**Problem details**
Leaving out all pictures, repeat exactly the lines from the one that holds "Pantalón unisex con" to the last line of the entries below.

**Image-text web data**
BEGIN
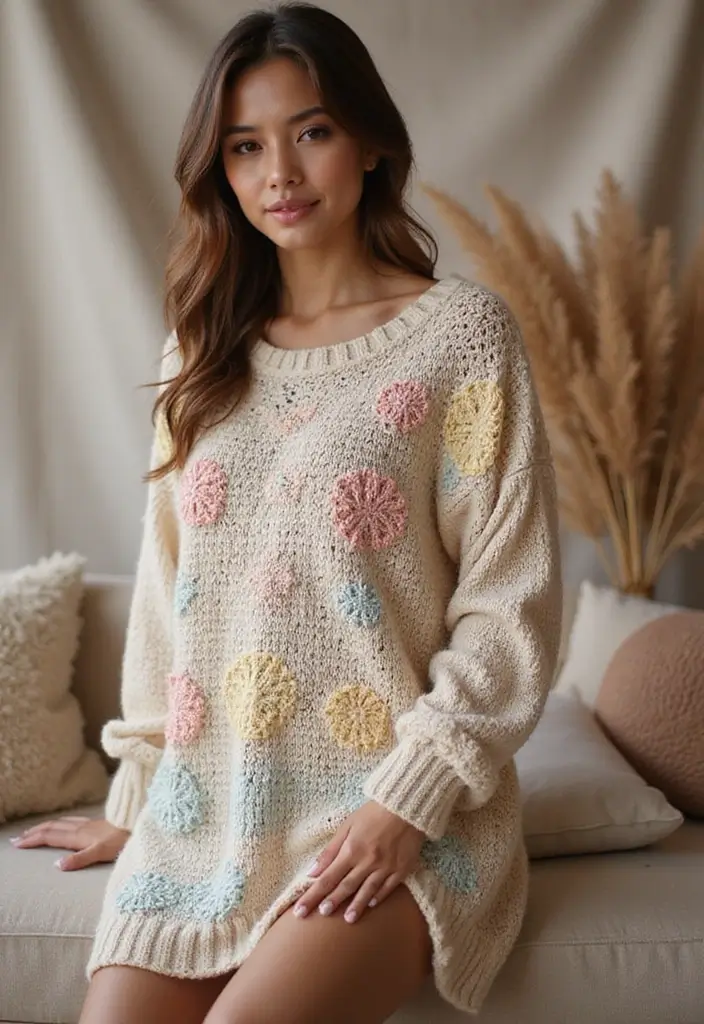 25 Trendy Crochet Tops Free Patterns Perfect for Festivals and Daily Wear - 19. Tunic Sweater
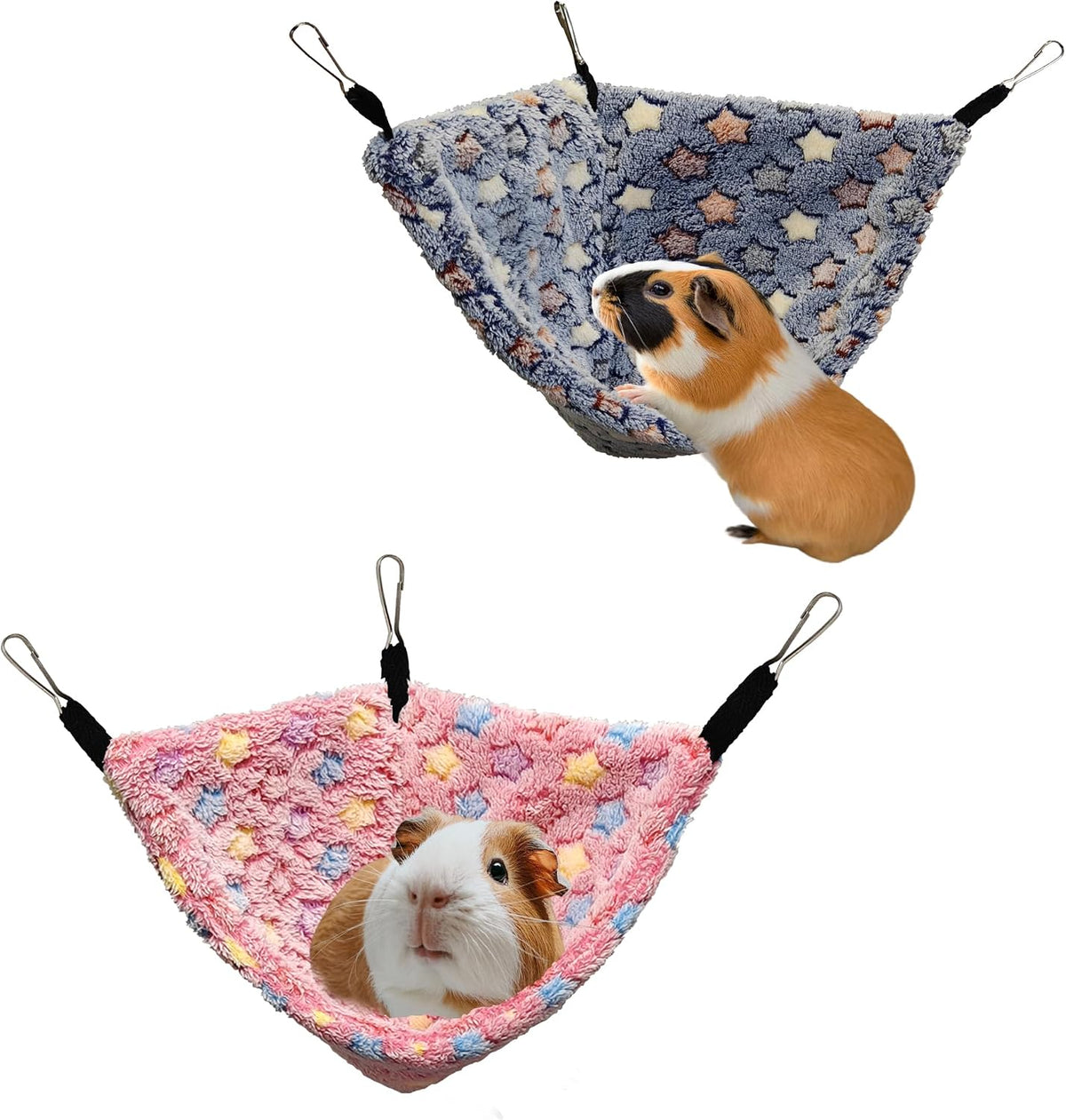 Hanging Corner Hammocks with Hooks for Small Animals, Pack of 2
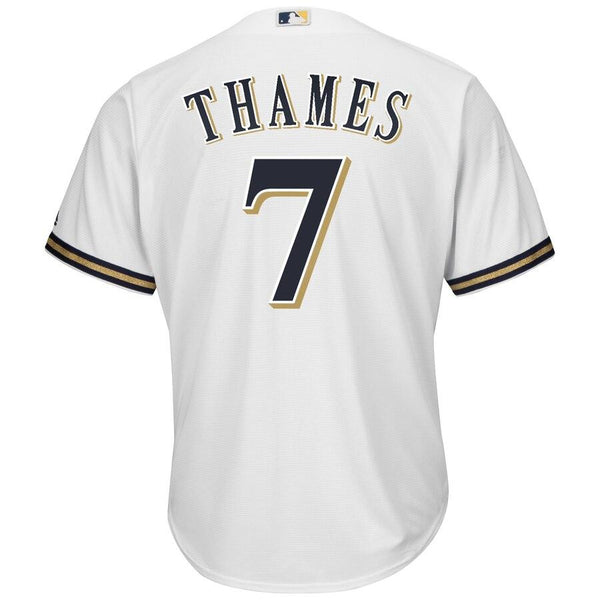 Eric Thames Milwaukee Brewers Majestic Cool Base Jersey - White 2019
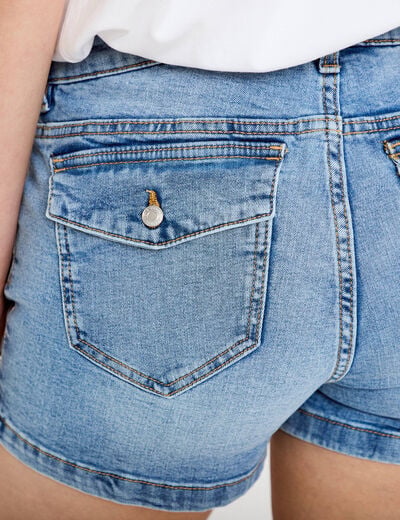 Short stretch en jean taille basse denim double stone femme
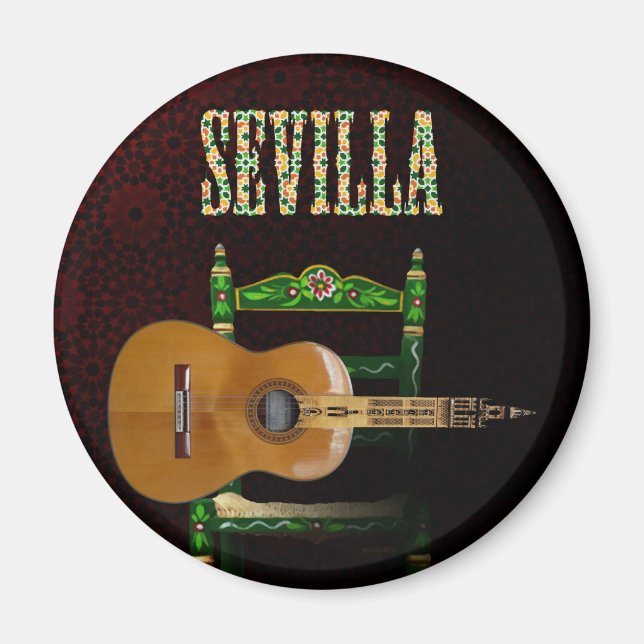 SEVILLA. Flämische Gitarre mit Giralda von Magnet (Vorne)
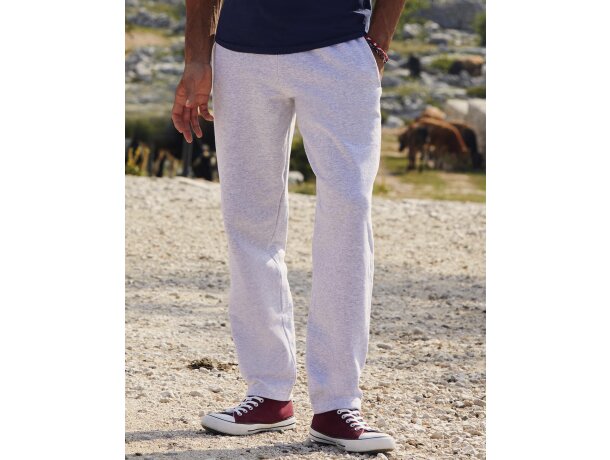 Pantalón unisex con bolsillos laterales poliéster 280 g/m2 Fruit Of The Loom Gris brezo detalle 2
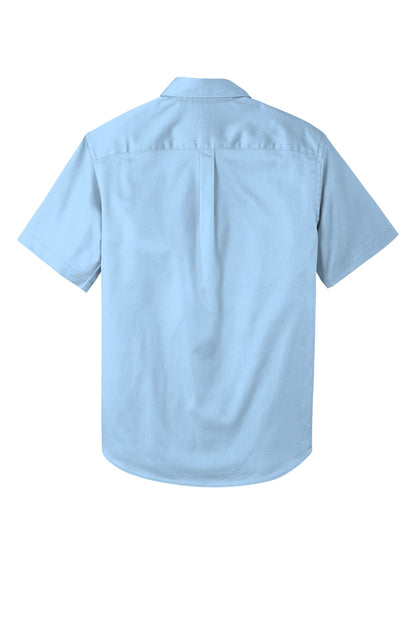 Rear View of CloudBlue Port Authority Short Sleeve SuperPro React Twill Shirt. W809 plain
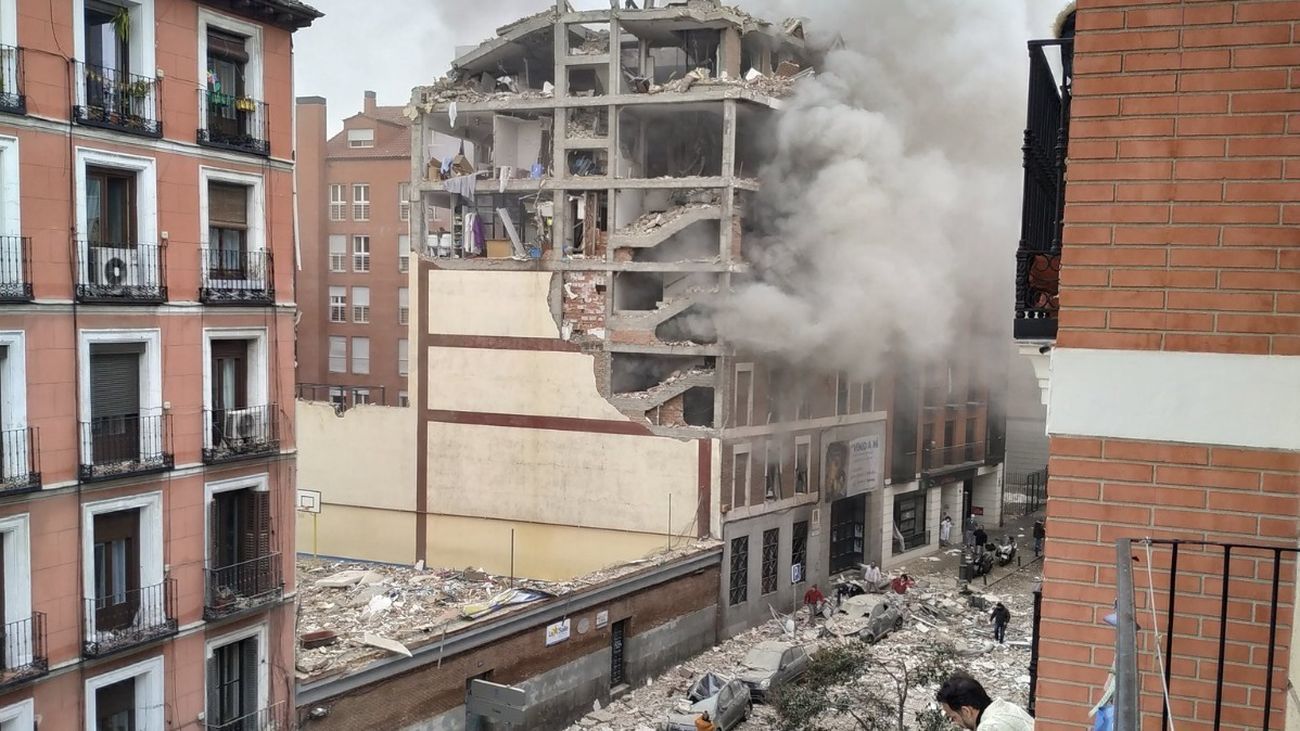 Estado del edificio de la calle Toledo tras la explosión de gas en 2021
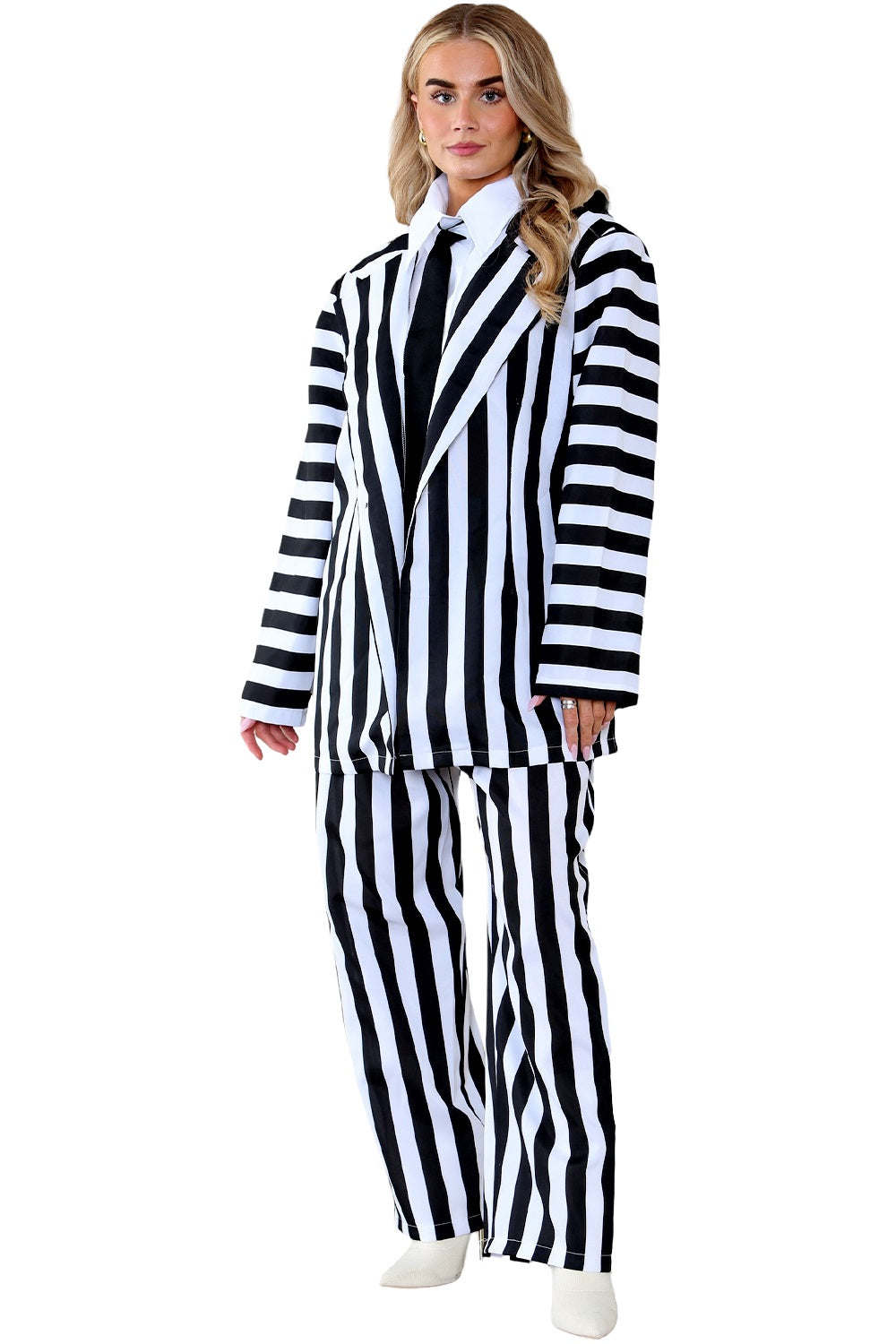 Unisex Adult Beetlejuice Black & White Trickster Suit 4-Piece Costume Set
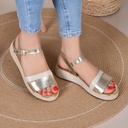 Sandale Cuir Couleur Bronze-Beige Ref S021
END
**The answer**
 Pantalón unisex con bolsillos laterales poliéster 280 g/m2 Fruit Of The Loom Gris brezo detalle 2
 Rear View of CloudBlue Port Authority Short Sleeve SuperPro React Twill Shirt. W809 plain
 Estado del edificio de la calle Toledo tras la explosión de gas en 2021
 Unisex Adult Beetlejuice Black & White Trickster Suit 4-Piece Costume Set
 Sandale Cuir Couleur Bronze-Beige Ref S021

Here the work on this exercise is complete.